Minyak Rusia Jadi Pemicu, AS dan China di Ambang Perang Dagang Jilid II Selasa, 16/09/2025 | 11:40
Riau12.com--Perseteruan dagang Amerika Serikat (AS) dan China kembali mencapai titik panas. Presiden Donald Trump mengancam bakal mengenakan tarif impor hingga 100 persen terhadap barang-barang asal Beijing. Ancaman ini dipicu oleh sikap China yang masih membeli minyak mentah dari Rusia, meski NATO dan sekutunya telah menjatuhkan sanksi keras terhadap Moskow.
Juru Bicara Kementerian Luar Negeri China, Lin Jian, langsung menolak tekanan sepihak Washington. Ia menegaskan, kerja sama energi dengan Rusia adalah hak sah China dan tidak bertentangan dengan aturan perdagangan internasional.
“Langkah yang diambil AS adalah bentuk unilateralisme, intimidasi, dan pemaksaan ekonomi. China berhak bekerja sama dengan siapa pun sesuai kepentingannya,” kata Lin Jian dalam konferensi pers di Beijing, Senin (15/9/2025).
Menurutnya, kebijakan tarif Trump justru berisiko merusak stabilitas rantai pasokan global. “Pemaksaan tidak pernah menyelesaikan masalah, apalagi memenangkan hati dan pikiran,” tambahnya.
Trump sebelumnya menulis di akun Truth Social bahwa tarif setinggi 50–100 persen perlu diberlakukan untuk “mematahkan cengkeraman Beijing atas Rusia.” Ia juga menuding NATO tidak sepenuhnya serius menekan Moskow karena sebagian anggotanya masih membeli minyak Rusia.
China bereaksi keras.
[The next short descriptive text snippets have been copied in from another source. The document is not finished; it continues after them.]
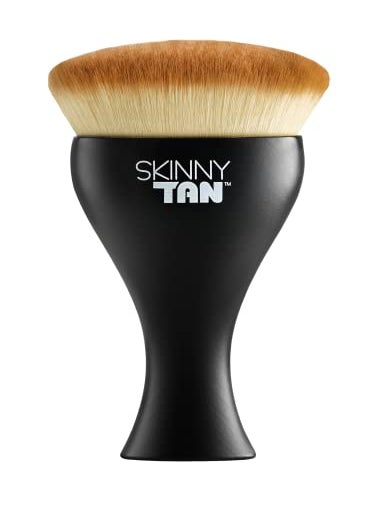 Skinny Tan Skinny Tan Body Buffing Brush - Essential Self-Tanning Tool - Soft Vegan Bristles - Perfect for Blending - Ideal for Hard-to-Reach Areas- 1 Pc 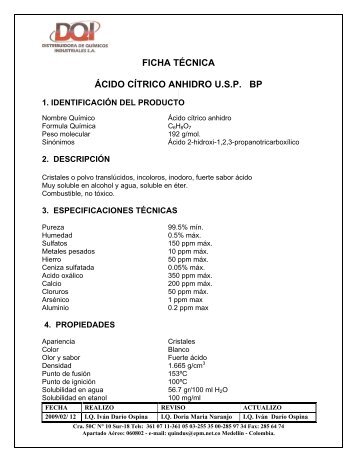 ACIDO CITRICO USP.pdf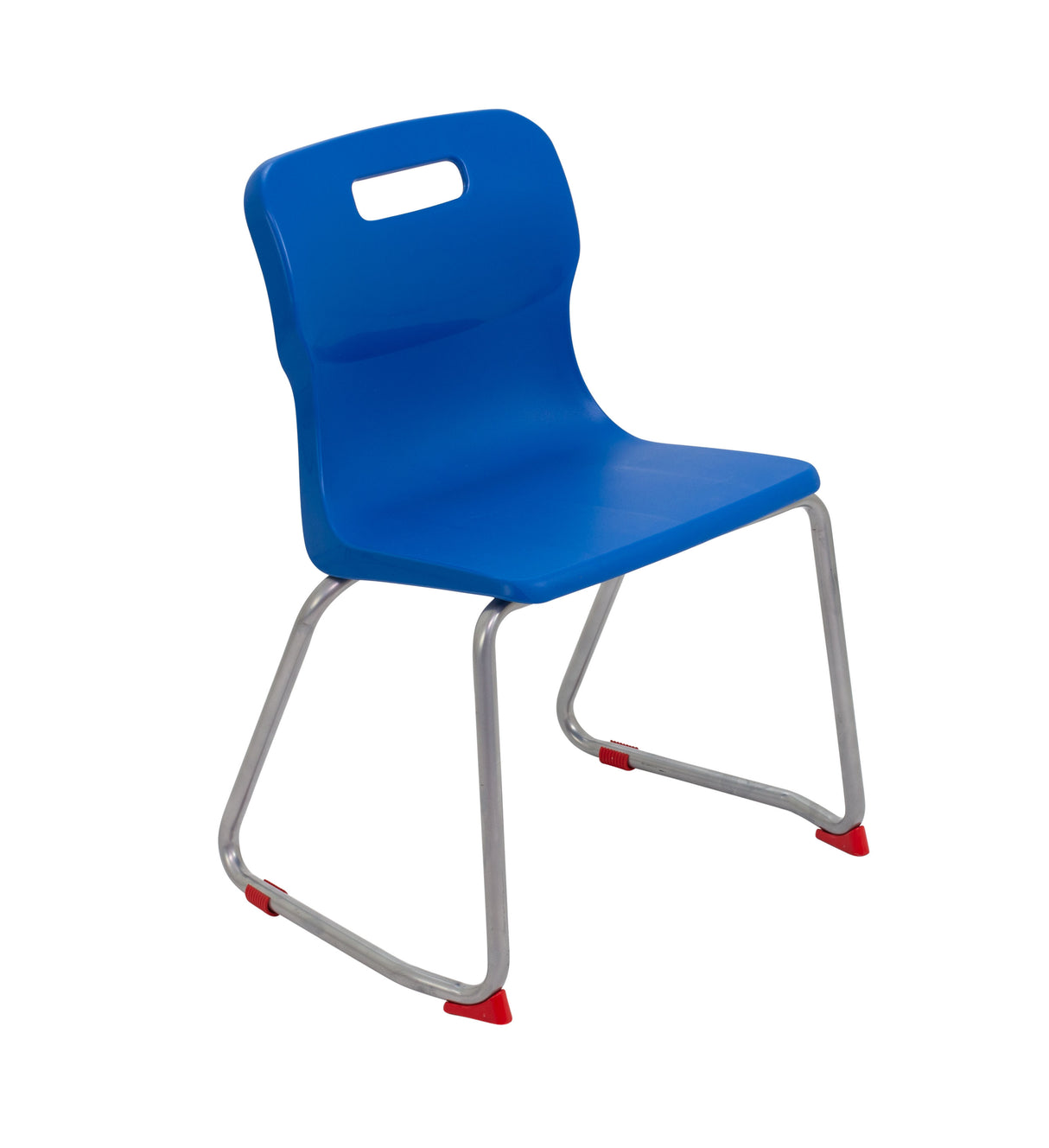 350High Skid Base Titan Chair - Black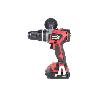 TALADRO PERCUTOR A BATERÍA LI-ION 20 V 2000 RPM 80 NM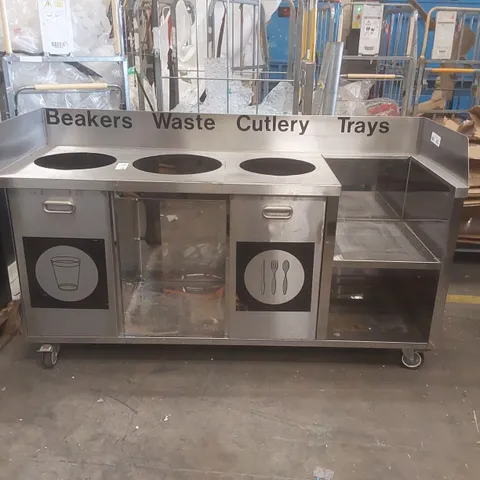 COMMERCIAL SERVICE TROLLEY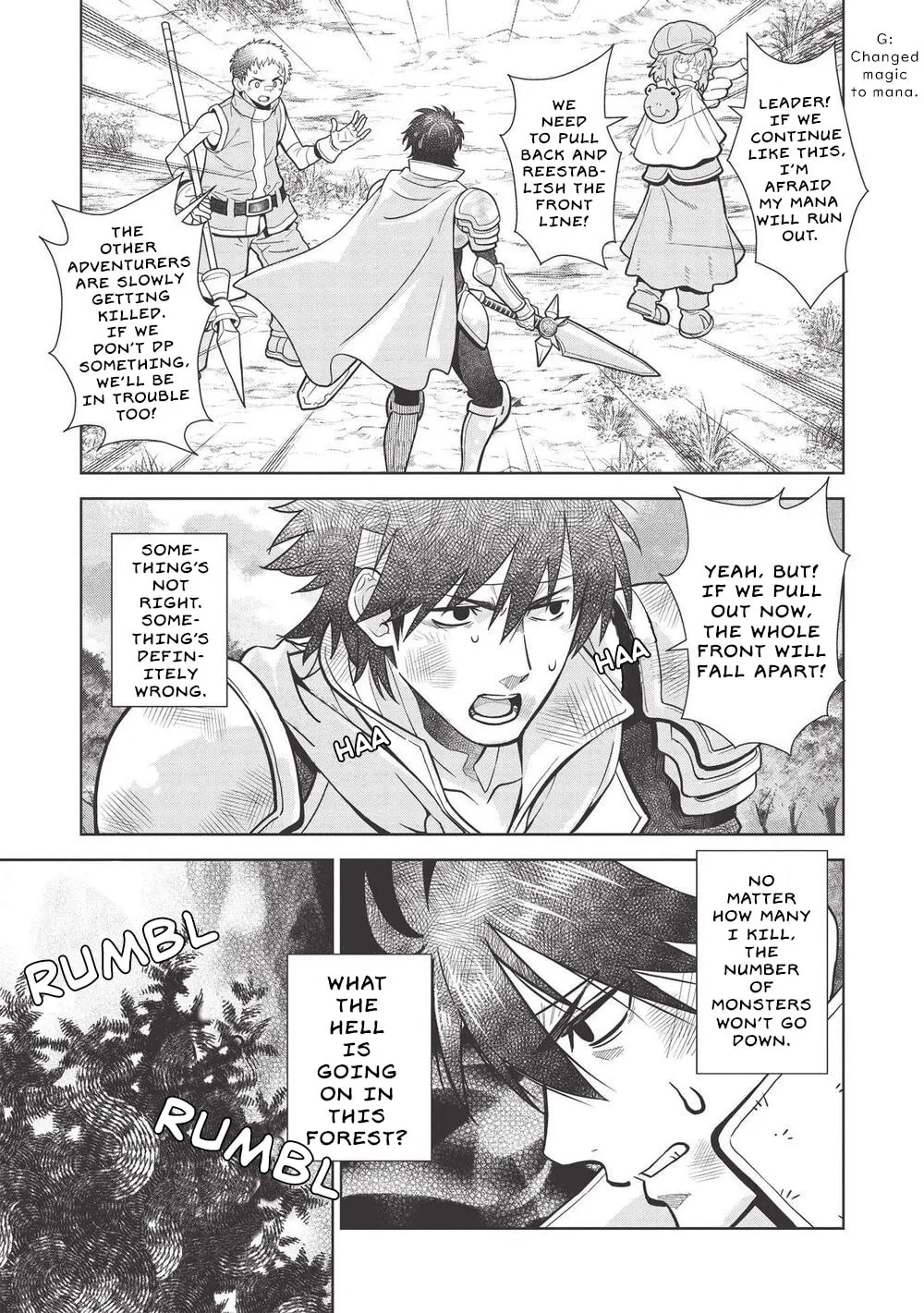 Magan to Dangan o Tsukatte Isekai o Buchinuku! Chapter 14.2 page 19 -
Lin Jian menegaskan bila kepentingan nasional mereka dirugikan, Beijing siap melancarkan langkah balasan. “Kami akan bertindak tegas melindungi kedaulatan dan kepentingan pembangunan kami,” ujarnya.
Situasi ini menambah ketidakpastian global. Negara-negara G7 dan Uni Eropa memang sudah menghentikan impor minyak Rusia serta menetapkan batas harga. Namun, Rusia justru memperbesar pasokan ke China dan India. Trump bahkan sudah menjatuhkan tarif tambahan 25 persen pada produk India karena alasan serupa.
China sendiri tetap pada posisinya terkait krisis Ukraina: mendorong dialog dan negosiasi, bukan sanksi sepihak. Namun, ancaman tarif dari Washington dikhawatirkan bisa memicu perang dagang jilid baru, dengan dampak yang berpotensi mengguncang perekonomian dunia.